The SKA, currently being built in Australia and Africa, will be the world’s largest and most sensitive radio telescope. The telescope will have a total collecting area of about 1 km2, providing 50 times the sensitivity and 10 000 times the survey speed of the best current-day telescopes.
The purpose of the meeting was to review the progress of three joint flagship projects – the African SKA, the African Very Long Baseline Interferometry Network (AVN) and the Big Data Africa initiative – through which the African SKA is preparing itself for the implementation of SKA Phase 2.
The meeting also reviewed progress in the development of human capital, the establishment of relevant institutional arrangements to coordinate and support domestic SKA- and AVN- related activities, the formulation of new academic programmes around physics and astronomy, site selection and the roll-out of high-performance computing capabilities.
The AVN project aims to establish self-sufficient radio telescopes in Africa through the conversion of redundant telecommunications antennae into radio telescopes, through “new-build” telescopes, or into training facilities with training telescopes.
The project is jointly funded with about R141-million from the African Renaissance Fund of the Department of International Relations and Cooperation (Dirco) and the Department of Science and Technology in South Africa.
Representatives at the meeting expressed appreciation for the progress of the development of the AVN project, particularly with Ghana being the first of the eight partner countries of the AVN to complete the conversion of a communications antenna into a functioning radio telescope.

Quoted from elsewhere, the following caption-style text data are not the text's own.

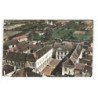 CHAGNY: la place de la mairie aérienne 10X15 - très bon état
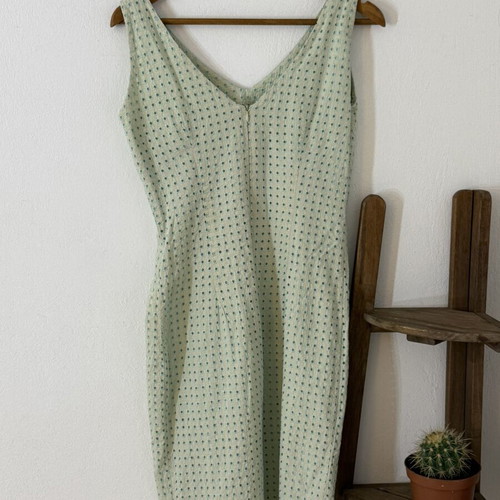 Fidele Y2k midi coquette dress 97% cotton, like new, S/M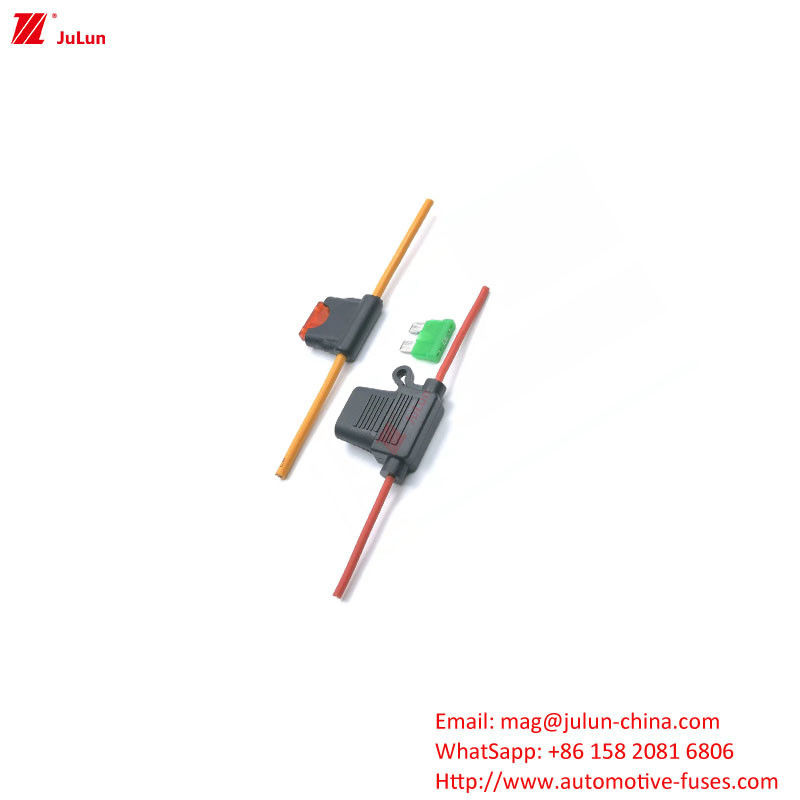 Phụ kiện phụ tùng ô tô Cầm bảo hiểm / hộp với 5A-100A giữ dòng phù hợp với tiêu chuẩn EU UL Điện áp định số 32V-58V-80V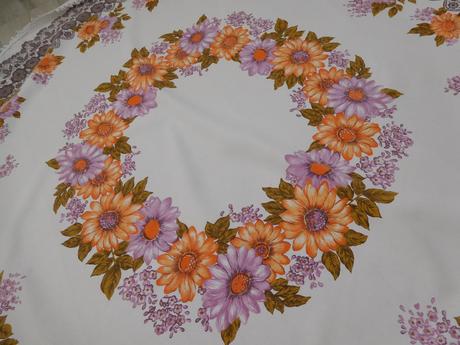 Obrus bavlnený okrúhly 150 cm priemer, 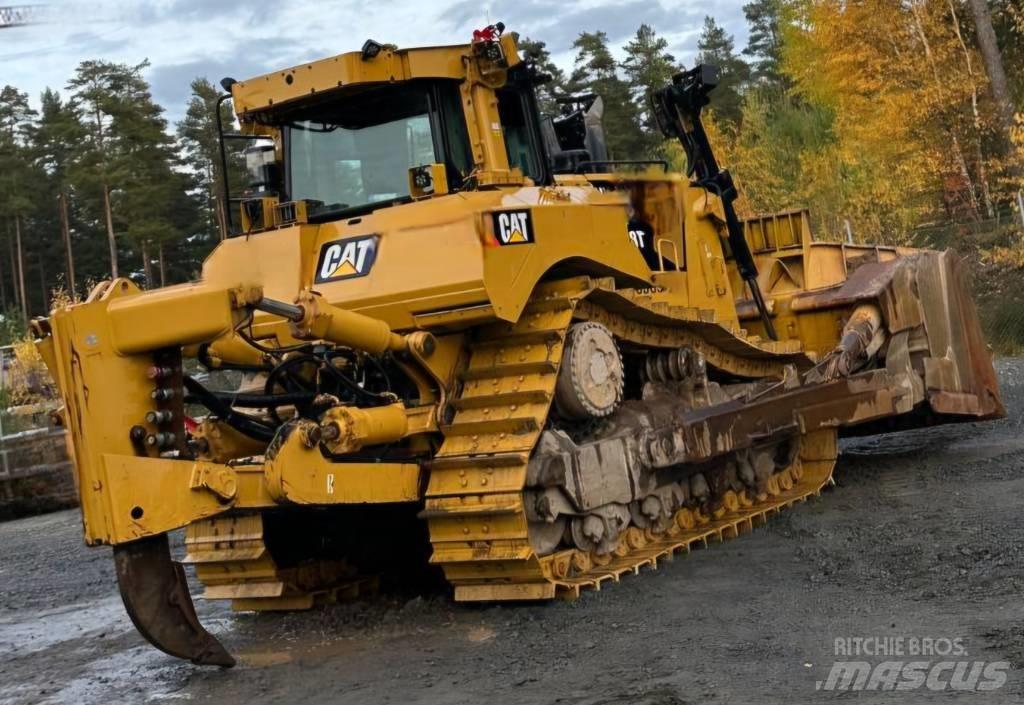 CAT D 8 T Kāpurķēžu buldozeri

The Ministers further congratulated Ghana on the pending launch of the Kuntunse radio astronomy telescope and the establishment of the Ghana Radio Astronomy Observatory, and noted the support provided by the South African SKA project in these initiatives.
As radio telescopes naturally produce large quantities of data, the meeting agreed that there is a need for advanced computing infrastructure, training and skills development to process the data and support broad research applications.
Meanwhile, current Big Data initiatives being rolled out in partnership between South Africa and the member countries include the work being done by South Africa’s Centre for High Performance Computing (CHPC), which is repurposing HPC systems and channelling them to the AVN partner countries to develop a footprint of high-performance computing capacity to process high volumes of data.
Several funding sources for the building of the SKA in Africa are also being considered, including the European Union, which can possibly support the African Data Intensive Research Cloud, and Dirco’s African Renaissance Fund, which can further support the AVN.
In addition, possible support through a funding proposal writing workshop will be explored by South Africa through the Southern African Development Community Secretariat.
On the identification of the location of the second phase of the SKA, the partner countries will engage through bilateral meetings with the SKA project office in South Africa to develop a detailed roadmap. Consultations will start in 2018.
South Africa will host the next meeting of senior officials and the Ministerial Forum in mid-2018. This is to coincide with the formal launch of the MeerKAT telescope, a precursor instrument to the SKA.